▶ **TASK TO COMPLETE**: Repeat exactly, and only, the lines below starting at the line that contains "I pauserne mellem" and ending at the line that contains "(Foto: specialpress@gmail.com)", inclusive of both.

======== DATA

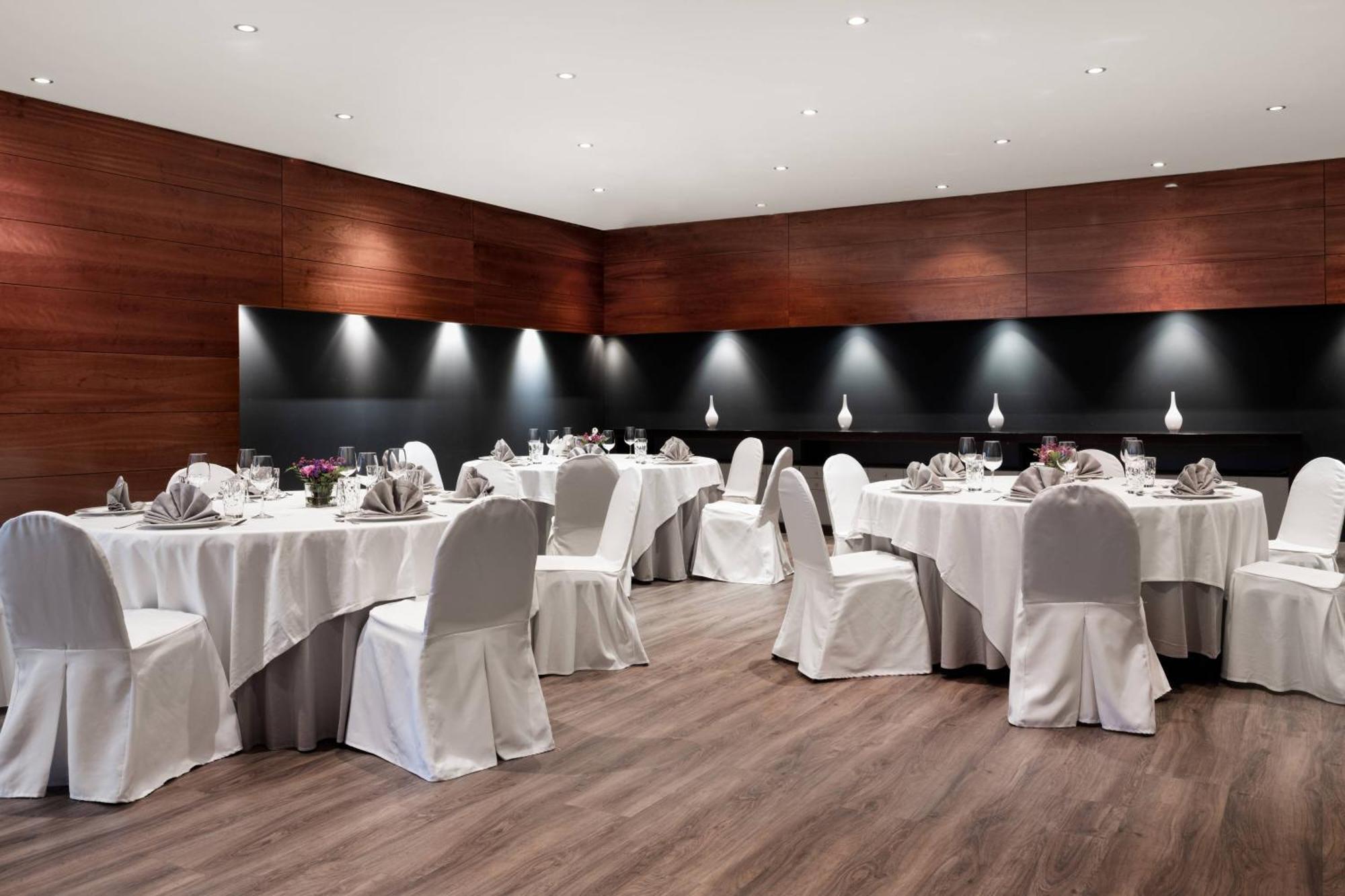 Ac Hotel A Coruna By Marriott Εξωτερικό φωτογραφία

================
======== DATA

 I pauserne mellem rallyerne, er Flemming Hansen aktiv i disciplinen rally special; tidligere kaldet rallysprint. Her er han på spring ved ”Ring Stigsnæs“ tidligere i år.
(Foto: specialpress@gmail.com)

================

▶ **WRITTEN SOLUTION**:
 I pauserne mellem rallyerne, er Flemming Hansen aktiv i disciplinen rally special; tidligere kaldet rallysprint. Her er han på spring ved ”Ring Stigsnæs“ tidligere i år.
(Foto: specialpress@gmail.com)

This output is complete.